Iowa Congressman Steve King has introduced a bill aimed at lifting the lid on calories for school lunches. A maximum number of calories for the various age groups of school children went into effect this fall along with new food requirements aimed toward healthier school meals. The USDA defends the maximum calorie levels.
Representative King says ‘Michelle Obama’s “Healthy and Hunger Free Kids Act” was interpreted by (USDA) Secretary Vilsack to be a directive that, because some kids are overweight, he would put every child on a diet.”
King’s proposed “No Hungry Kids Act” would repeal and prohibit “upper caloric limits.” The bill is co-sponsored by fellow Republican Congressman Tim Huelskamp of Kansas.
Kevin Concannon, USDA Under Secretary for Food, Nutrition and Consumer Services, recently told Brownfield Ag News there have always been calorie minimums for school meals and, now finally, maximums.
Concannon says, “We’re very pleased that this is a much better focused and sized set of meal standards now for very young children, children in the middle grades, and high school children. There are different minimum and maximum calorie amounts based on age and that’s as it should be, really.”
He says it’s important to remember that lunch is just one meal of the day. “The school meals aren’t intended to meet ALL of the calorie requirements of a child during the day. They are to supplement that. As it is, the noon meals should meet about a third of the calories, the nutrients also, that that child should consume,” says Concannon.
Still, critics point out that parents and children have complained that there aren’t enough calories offered, especially for active students, and that the students report they are being underfed. Concannon says some schools participate in the National Snack program, which makes snacks available to students, but not all of them do.
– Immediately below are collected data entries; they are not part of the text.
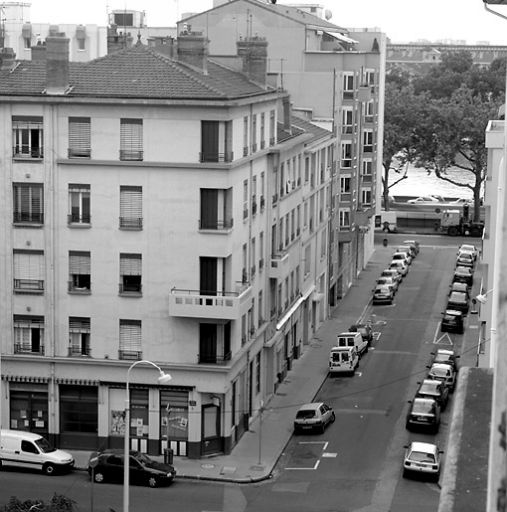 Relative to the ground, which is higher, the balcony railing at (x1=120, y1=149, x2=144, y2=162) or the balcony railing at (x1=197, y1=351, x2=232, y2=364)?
the balcony railing at (x1=120, y1=149, x2=144, y2=162)

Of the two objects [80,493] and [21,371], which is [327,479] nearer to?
[80,493]

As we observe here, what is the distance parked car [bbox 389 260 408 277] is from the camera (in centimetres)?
9106

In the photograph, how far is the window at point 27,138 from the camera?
47.4 meters

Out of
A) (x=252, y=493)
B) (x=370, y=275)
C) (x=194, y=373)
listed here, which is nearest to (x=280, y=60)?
(x=370, y=275)

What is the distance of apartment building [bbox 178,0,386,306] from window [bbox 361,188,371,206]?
2.9 inches

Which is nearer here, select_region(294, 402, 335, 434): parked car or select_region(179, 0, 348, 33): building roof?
select_region(294, 402, 335, 434): parked car

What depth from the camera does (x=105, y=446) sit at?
158ft

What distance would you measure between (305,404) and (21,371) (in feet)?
43.4

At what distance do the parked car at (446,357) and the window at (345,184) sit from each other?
21.8m

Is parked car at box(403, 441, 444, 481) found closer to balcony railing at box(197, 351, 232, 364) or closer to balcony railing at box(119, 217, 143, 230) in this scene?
balcony railing at box(197, 351, 232, 364)

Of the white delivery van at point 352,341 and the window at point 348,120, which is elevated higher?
the window at point 348,120

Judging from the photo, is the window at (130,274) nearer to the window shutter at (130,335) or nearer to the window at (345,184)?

On Monday, about 70 percent of the 830 students who normally take lunch at Mukwonago High School boycotted the lunch in protest of the new limits and the ten-cent increase in the price of the lunch to $2.50. District food service manager Pam Harris told the Milwaukee Journal Sentinel while she is a passionate as anyone about childhood obesity, “limiting calories in school lunch is not going to help the overweight kid. What happens at home is a major piece of that puzzle.” Mukwonago is just southwest of Milwaukee, Wisconsin.